In terms of uppers, Asics had developed what they term Biomorphic Fit. It’s all about form fitting while the shoe is in motion, i.e. the shoe fits your foot while flexing. Sounds weird but most shoes are designed and fitted to the foot in a lab while the foot is in a static position. Asics worked out that the foot changes shape during the running gait and that the upper of most shoes did not replicate the shape of the foot. Biomorphic Fit moulds to the foot to support areas that change drastically though the gait and other areas that only change slightly. The technology was incorporated in to the line.

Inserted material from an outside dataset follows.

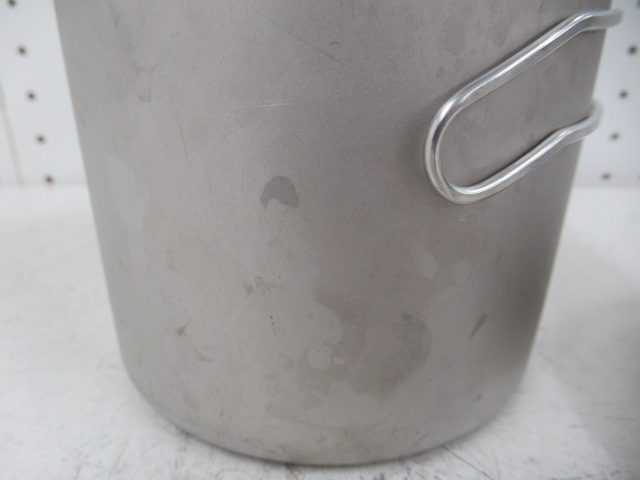 EPIgas(イーピーアイガス) ATSチタンクッカーTYPE-3M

Tweaks to all models were made over the years but the next big advancement came in the form of the MetaRun launched in 2015. Asics call it their most innovative ever and it’s another shoe that took three years to develop. This is a shoe that was launched carrying 5 new shoe technologies all formed to deliver against core running pillars: cushioning, stability, fit and light weight.
Asics Gel has evolved no less than nine times since its inception. Gel sacks have grown which has meant that they absorb more shock, they are now stronger and therefore more durable, they have different pressures so can be softer or firmer depending on position in the shoe... In 2016, Asics introduced fuzeGel; a combination of foam units and gel which reduces the total weight of a gel shoe.
FlyteFoam was also unveiled in 2016. Asics’s new material was another significant innovation. The lightest midsole material in their history. Using nanofibers between the air bubbles, FlyteFoam is 20% stronger and 55% lighter than their standard EVA but although lightweight, the foam delivers great cushioning and exceptional durability; two features welcomed by every runner.
Check out our Best Shoes of 2020 guide to see what Asics shoes made the cut.
Asics go from strength to strength and in recent years, have launched some really innovative new products. We can't wait to see where they go next.